Algunos curtidos y notables críticos eligieron, en cambio, señalar las carencias de la presentación al pronunciarse. Se esperaría de ellos, especialmente, una comprensión mucho más capaz ante las circunstancias. Hay algo muy rockstar en tener las edades que actualmente tienen los de la banda y estar en una tarima tres horas sin pausa. Recorrer América Latina. Tener ese último glorioso instante. Y sí, la voz de Axl mostraba los esfuerzos del desgaste, la implacable fuerza que tiene la altura de Bogotá. Y sí, la grandiosidad que era propia de los 80 y los 90 no se reproduce de manera exacta. Estos críticos notables despojan el gozo en el símbolo que fue este concierto. Se empecinan en virtuosismos fatídicos que desconocen la dimensión de este encuentro de dos noches en Bogotá. Para mí, como para muchas personas, ese fue el último momento donde ver lo que concedió la banda. El mundo castiga a los seres humanos por envejecer y no reconoce lo suficiente el esfuerzo, la audacia, la maravilla que también es avanzar en edad y apegarse a la vida, a la vitalidad, a la fuerza. Slash brincaba con sesenta años. Axl desbordaba de enérgico intento. Duff vibraba ferozmente. No importa lo virtuoso, no importa la impecabilidad, lo que importó fue el goce de miles de personas que vivieron lo que también pasó en Colombia hace treinta años. Lo que importa es la electricidad de esos instantes. La belleza para quienes amamos furtivamente la banda y tuvimos el tesoro de deleitarnos con ella. La belleza de una música y una estética que puede generar sincronías semejantes en un contexto de lacerantes desigualdades que suelen desencontrarnos.

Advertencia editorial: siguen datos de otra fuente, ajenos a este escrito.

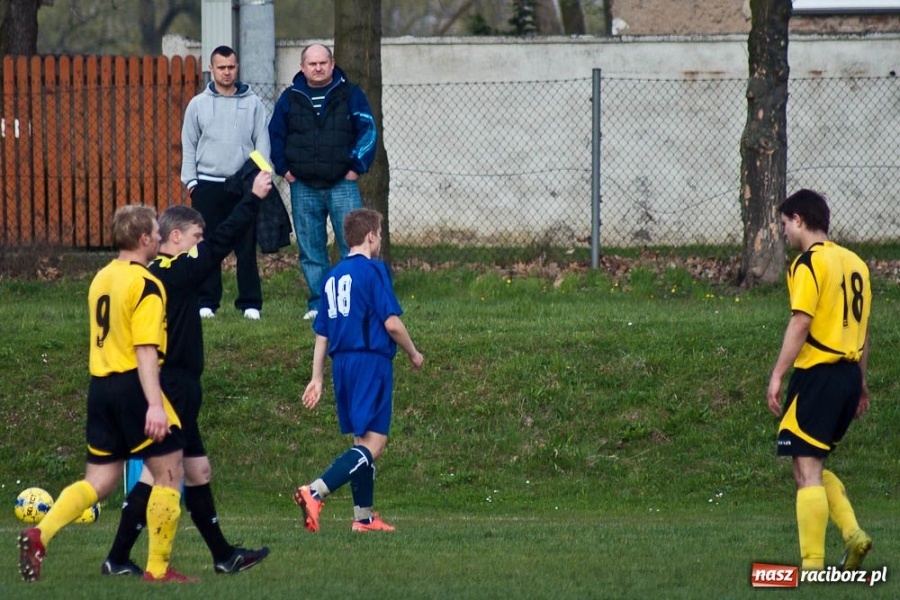 Zdjęcie w galerii na portalu naszraciborz.pl: Zagrali równo, Forteca 3 punkty, a Rafako... wiadomości z regionu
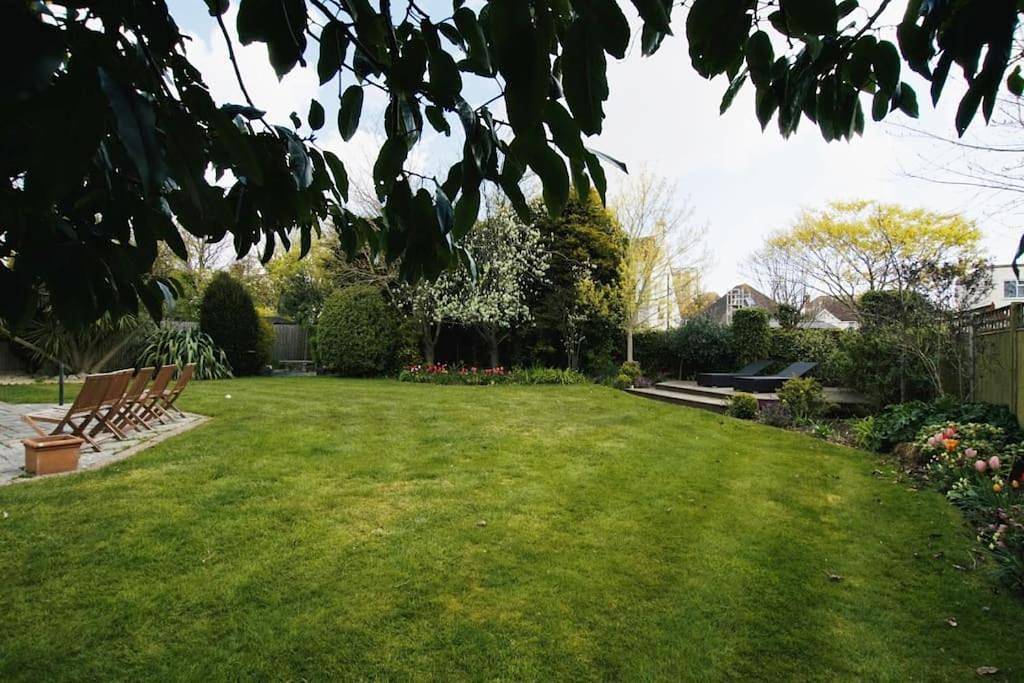 Four-Bedroom House in Frinton on Sea, Frinton and Walton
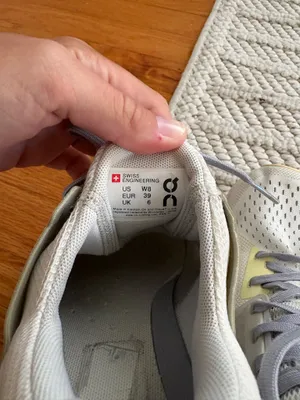 On cloud sneakers  thumbnail 3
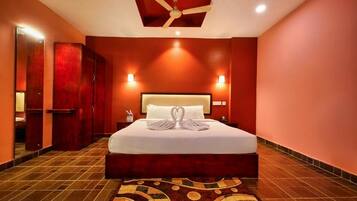 Frette Italian sheets, premium bedding, down duvets, in-room safe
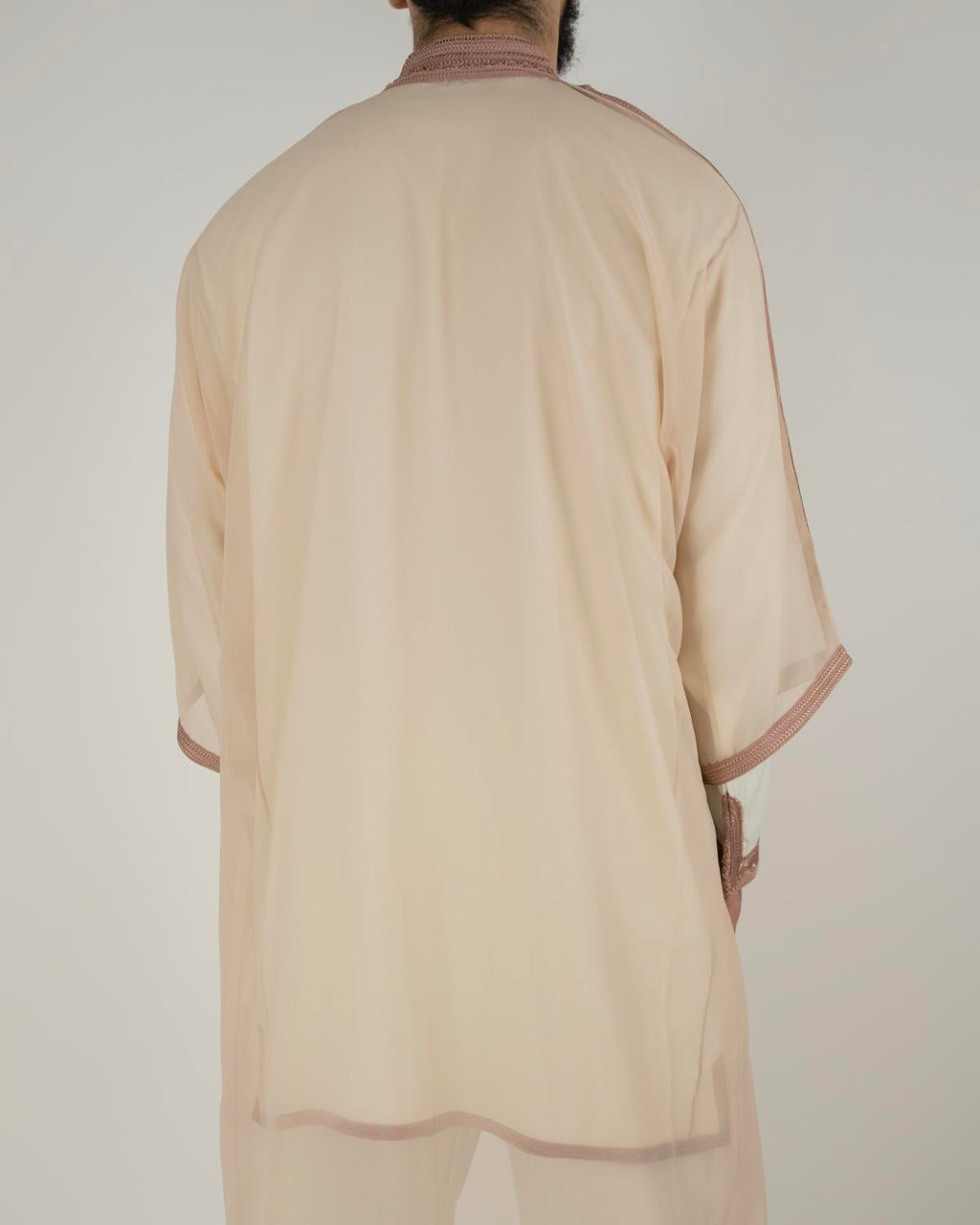 mannequin portant jabador homme matiere trois-pieces de couleur rose-gold avec un travail finition faite main vue dos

En mi visión, Colombia es un país salsero y rockero también. Tal vez por eso uno de mis sitios más añorados y extrañados es y será siempre Crab’s. Un bar de mis tiempos joviales que quedó muchos años en una casa, en la calle 70 y algo, donde había destellos rojizos, afiches, fotografías, dos deliciosas barras, noches entre semana para el blues en vivo, una bañera, y donde se podía oír gustosamente a Led Zeppelin. Tal vez por eso también Abbott & Costello es uno de mis sitios adorados en Bogotá. Porque allí, entre sus sombras acogedoras, en su espacio de mucha madera, en su rotura bella, en su longevidad, se encuentra una suerte de fe, la solidez de una estética, el resguardo de un sitio que no muere, el terreno del resguardo, el robusto campo de una identidad que cobija multiplicidades. Como el concierto de Guns n Roses, es el centelleo. Ese que dice que el rock está vivo y que puede ser alegría, hermoso también.